→ **RECORDED DATA**
───
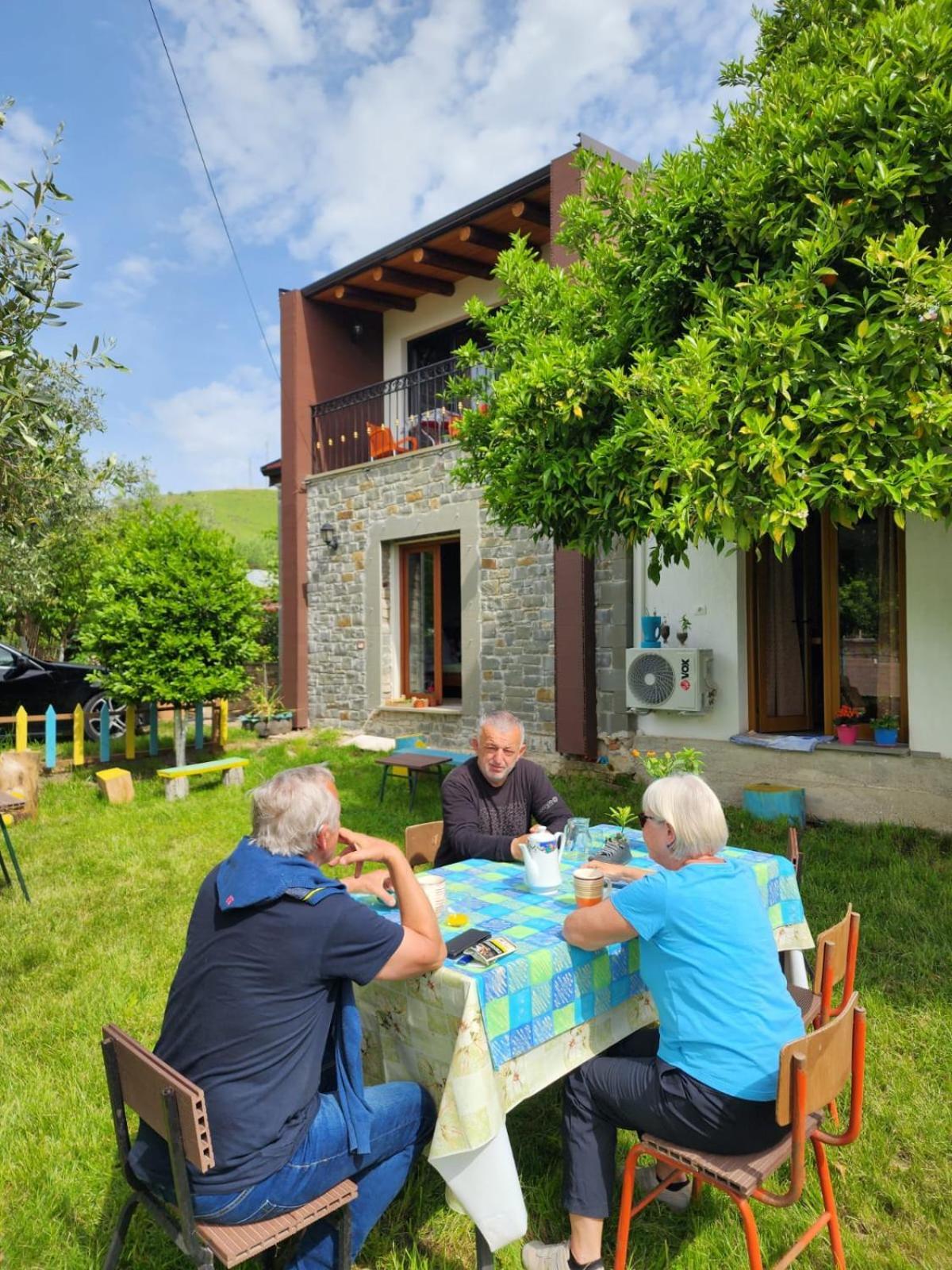Villa Shuaipaj Saraqinishte Exterior photo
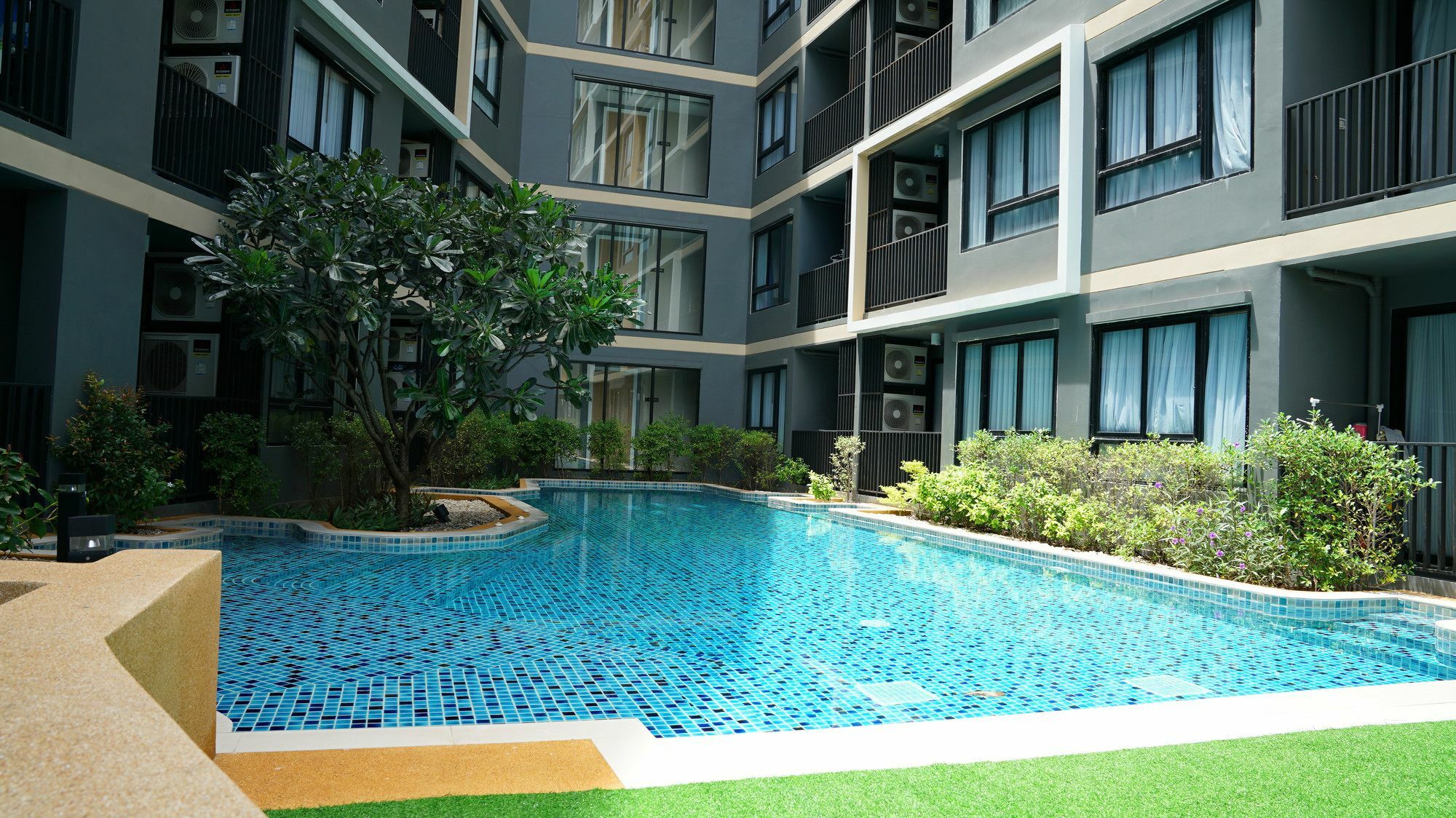 Apartamento Urban Attitude Pattaya Exterior foto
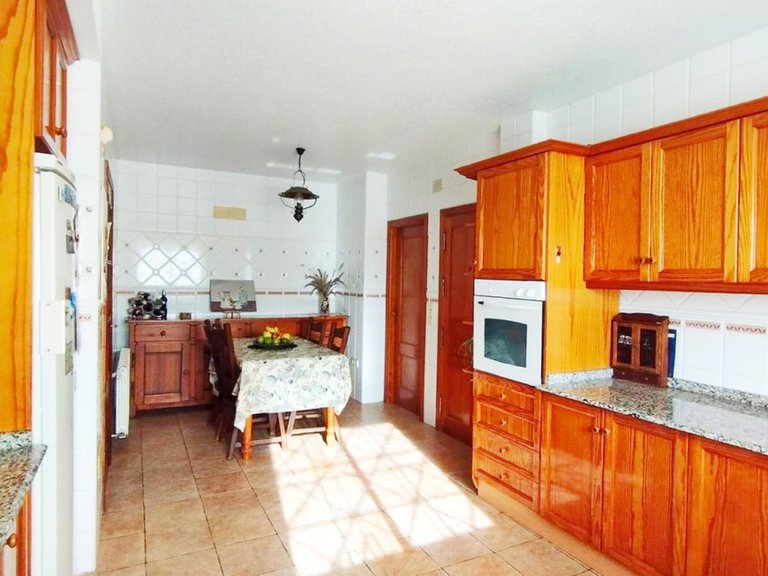 Villa for Sale in Alicante, Alicante 5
───
→ **TASK TO COMPLETE**
Write down exactly the lines running from the line with "Apartamento Urban Attitude" through the end of the material, both ends included, and none of the pictures.

→ **RESPONSE TO THIS EXERCISE**
 Apartamento Urban Attitude Pattaya Exterior foto
 Villa for Sale in Alicante, Alicante 5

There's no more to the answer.